One of my first observations while I was taking pictures of the Guatemalans was that some of the women dressed very “traditional” while others seemed to dress more “modern”.
After doing a little research, I learned the following:
The population of Guatemala is made up of two major subgroups – Ladinos and indigenous Guatemalans. The Ladinos live primarily near the cities and the indigenous Guatemalans live in rural towns and villages. The indigenous people are descendants of the ancient Mayans. Ladinos wear “westernized” clothing while the indigenous generally wear “traditional” Indian clothing. Westernized clothing is worn as a symbol of their desire to be more modern, wealthy, and educated. Indian clothing is symbolic of Guatemalan heritage, ancestry, and tradition.
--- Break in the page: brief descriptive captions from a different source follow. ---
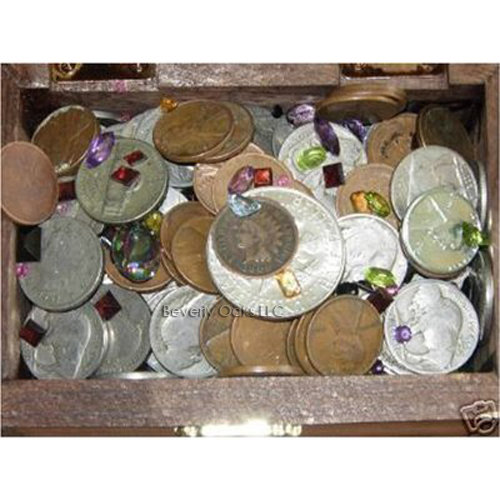 US Coins & Jewels in Treasure Chest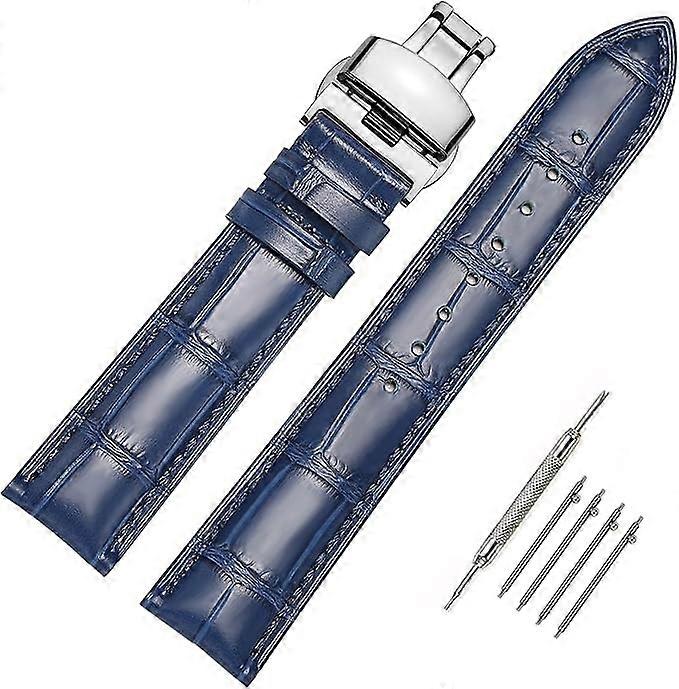 Quick Release Leather Watch Bands Deployment Butterfly Buckle 20mm Blue Black Brown Calfskin Replace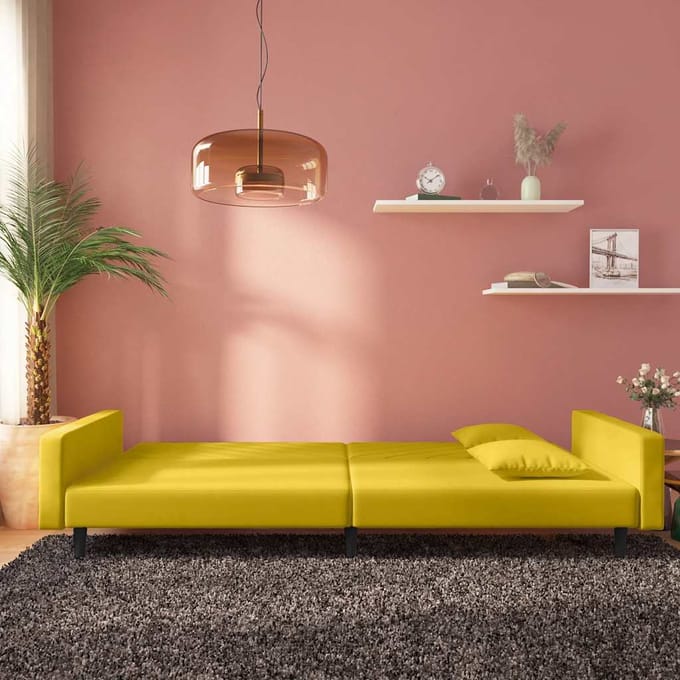 vidaXL - Slaapbank - 2-zits - met - 2 - kussens - fluweel - geel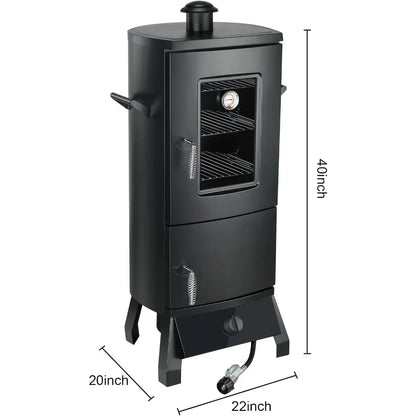 Propane Smoker with Cover, Vertical Smoker Grill with Temperature Control Outdoor Heavy Duty Three Removable Smoking Shelves, Bl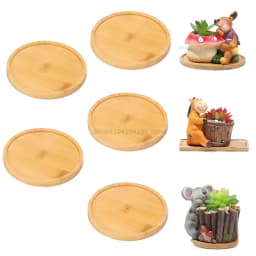 Flower Pot Tray Multi Bamboo Tray Wood Cup Pad Plant Pot Tray for Kitchen Decorative Plate Creative Coaster Coffee Cup Mat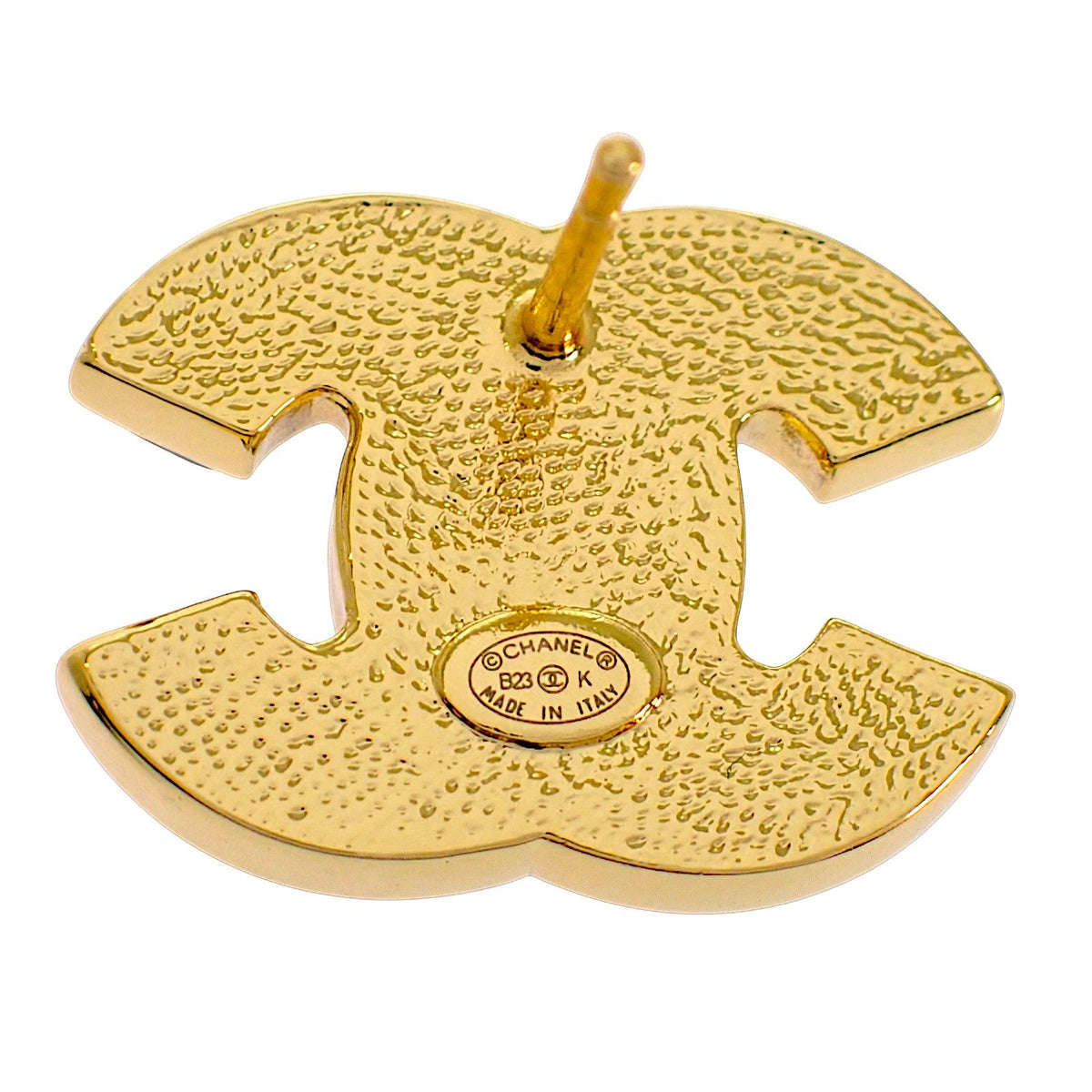 Chanel CC Logo Earrings Metal Black Gold — view 8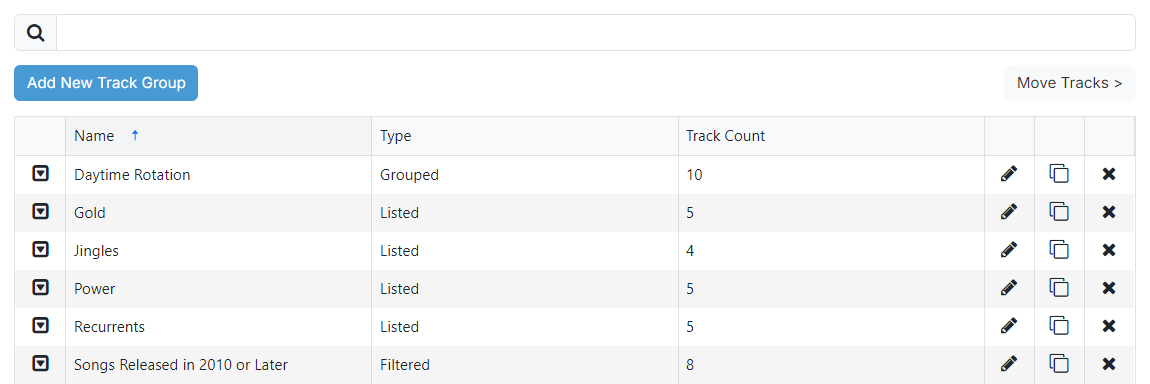 The Listing Track Groups page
The traditional clothing worn by indigenous Guatemalan women are made with fabric handwoven from natural materials such as cotton or wool. The colors and design they choose have a variety of different meanings from the village that they live to their martial status. Indigenous woman wear their traditional clothing every day, and it is very special to them. The blouses are called “huipils” and the skirts are called “cortes”. It takes anywhere from one month and three months to complete by working several hours per day.
Although some of the men still dress traditionally, it is more common for them to dress in the westernized fashion. It’s worth mentioning that it is very rare that men or woman wear shorts in Guatemala. Out of respect for the the local tradition, our team members did not to wear shorts.